It is this profit motive
that commoditizes art and elegance
to common supermarket product with a short
shelf life.
Yet the commoditization of culture is
not necessary a reflection of a failed economy as happened in the case of the Hausa popular
cultural industries. Nor was it an uncouth lack of appreciation of ‘high’ culture, or obsession with
capitalism. Not only was it universal, it was also necessary if it is to be free. True enough governments can
support art and archiving of culture – but at a doctrinaire expense – choosing what to support and what to
discard in line with its own ideology. This
compromises art and denies artists freedom of preservation of cultural
heritage, if they have to follow a
particular state ideology to get funding for their art. Either way, the artist
is caught between government ideology
and capitalist marketers, both who care not about his art and its cultural import, but about the payload –
in terms or ideological entrenchment or profit – to themselves. For instance,
Wasko (1981, p. 135) points out that ‘in the early beginnings of the film industry
in the United States, there was a strong relationship between bankers and the film industry, and subsequently, banks played a very
powerful role in the development of the industry.
Such collaboration between banks and
the film industry did not happen with regards to the Hausa cultural industries, nor even in the
Nollywood film industry. As Haynes (2017, p. 48) noted, ‘the government’s interest in Nollywood led to
the establishment in 2010 of a $200 million load fund to support the entertainment industry.’ However, the bureaucracy
attached to the accessing the funds
became too much such that many filmmakers did not bother to apply. Further,
‘banks make occasional personal
loans to filmmakers who put up their houses
as collateral, but no bank tried to establish
a serious relationship with the film industry’. It was only in 2007 that
EcoBank came up with a Project
Nollywood, which failed. Even in Hollywood, the profit motive was strong in financing, for as Wasko (1981, p.136)

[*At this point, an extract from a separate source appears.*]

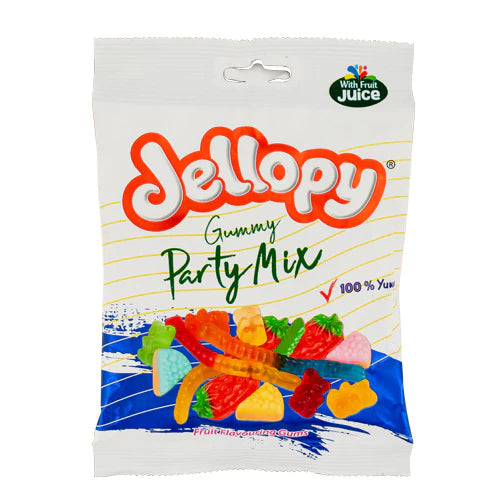 Jellopy Fruit Flavour Gum 160g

further noted, ‘bankers and financiers have been attracted to the American
film industry for reasons other
than an interest in film or filmmaking per se. Film as
a creative art form or communications medium has been less important to bankers
than film as a commodity.’
And
yet, as this essay demonstrated, both filmmakers, producers
and marketers were motivated by the commodification of culture, rather than preservation of culture. Data from the larger fieldwork
indicates the chagrin
of Hausa filmmakers whenever references were made to the cultural
dysfunctionality of their films. Their arguments had always been that
fim is a business, not art, which explains
their opting out of the ‘business’ when it
became no longer viable.
Yet art and artistry, as expressions
of creativity and imagination first, and second as cultural practices, illuminate our inner lives and enrich our emotional world. They provide a map of our ethnographic
journey through life and keep fresh our ethnicities and identities.
Commodification trivializes this
significance and robs us of the opportunity to preserve our creativity for the
future generation—something which
Renaissance artists, innovators and creators had been able to do for us.